MATERIAL FOR THE TASK section start

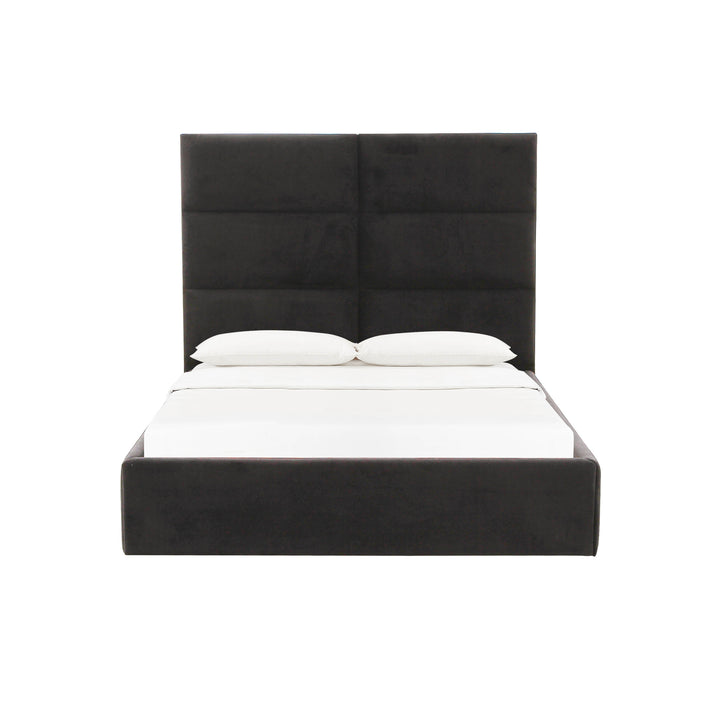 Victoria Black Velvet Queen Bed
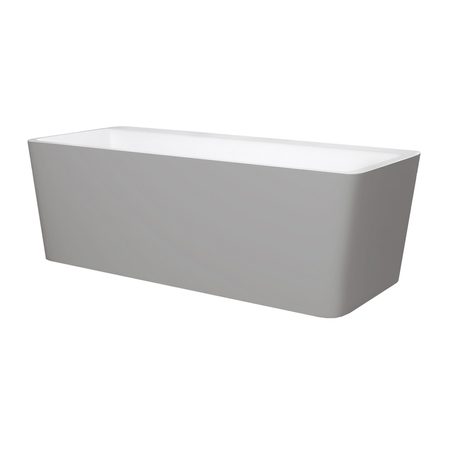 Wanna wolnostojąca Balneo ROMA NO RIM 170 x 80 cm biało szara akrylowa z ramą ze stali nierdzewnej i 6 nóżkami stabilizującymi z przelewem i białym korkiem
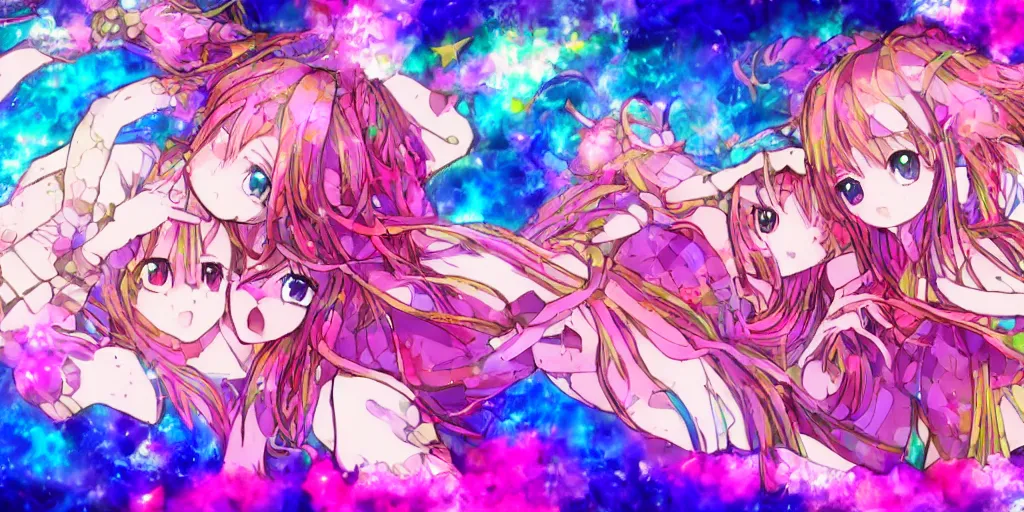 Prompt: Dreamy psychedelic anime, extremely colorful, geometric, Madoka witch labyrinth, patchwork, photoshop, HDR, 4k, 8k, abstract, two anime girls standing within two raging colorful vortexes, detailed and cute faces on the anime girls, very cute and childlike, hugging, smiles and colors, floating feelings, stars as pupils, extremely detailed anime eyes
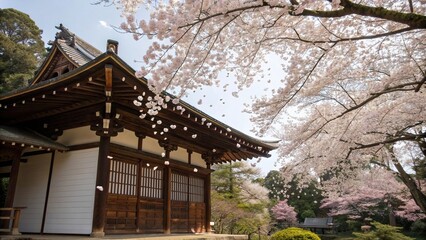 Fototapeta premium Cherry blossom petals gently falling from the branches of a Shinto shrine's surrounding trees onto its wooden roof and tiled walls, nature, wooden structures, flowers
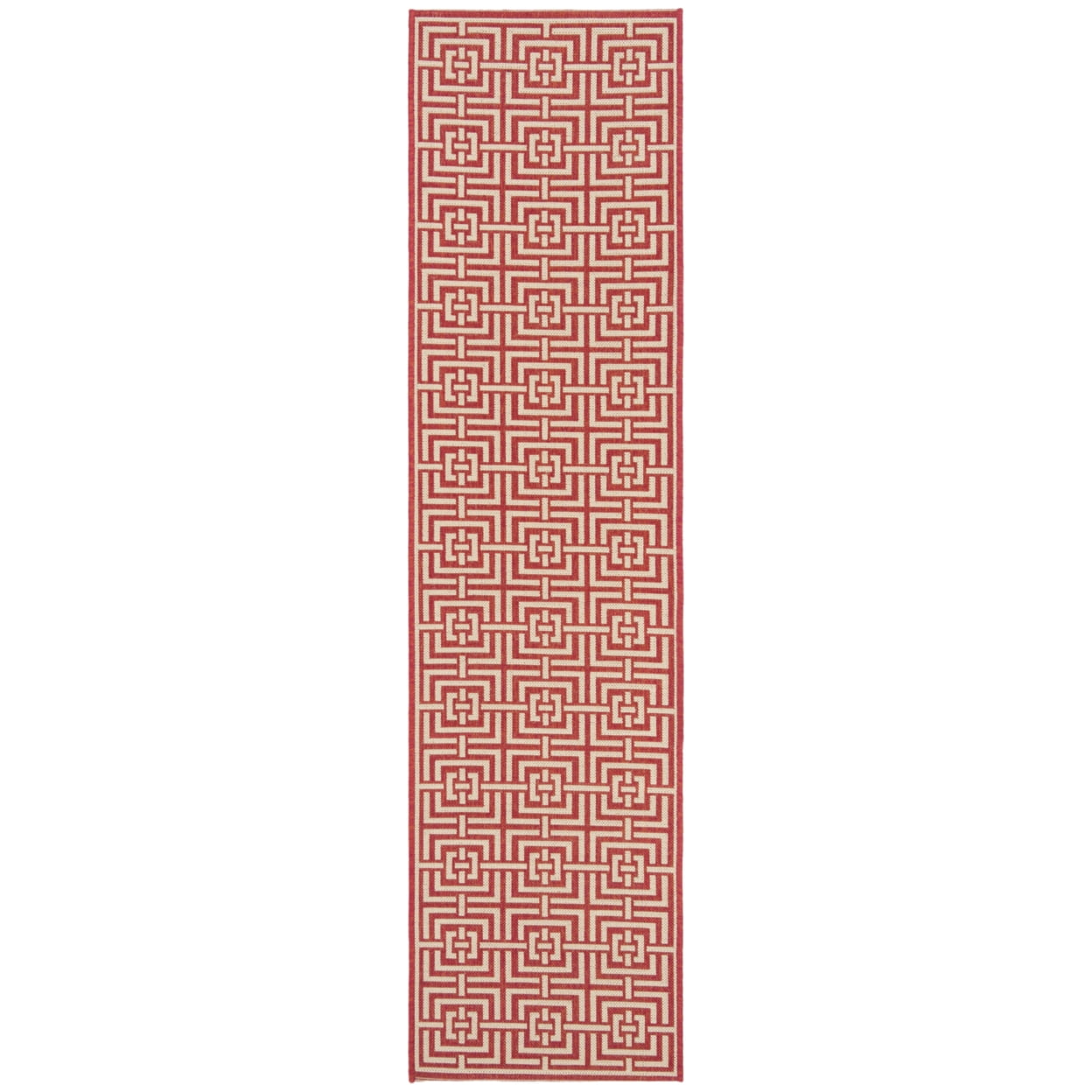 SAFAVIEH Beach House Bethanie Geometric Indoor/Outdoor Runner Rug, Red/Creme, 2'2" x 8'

MATERIAL FOR THE TASK section end

Write out exactly the lines from the one containing "Prompt: Dreamy psychedelic" through the last line of the records above, both ends included, and leave out any pictures.

 Prompt: Dreamy psychedelic anime, extremely colorful, geometric, Madoka witch labyrinth, patchwork, photoshop, HDR, 4k, 8k, abstract, two anime girls standing within two raging colorful vortexes, detailed and cute faces on the anime girls, very cute and childlike, hugging, smiles and colors, floating feelings, stars as pupils, extremely detailed anime eyes
 Fototapeta premium Cherry blossom petals gently falling from the branches of a Shinto shrine's surrounding trees onto its wooden roof and tiled walls, nature, wooden structures, flowers
 SAFAVIEH Beach House Bethanie Geometric Indoor/Outdoor Runner Rug, Red/Creme, 2'2" x 8'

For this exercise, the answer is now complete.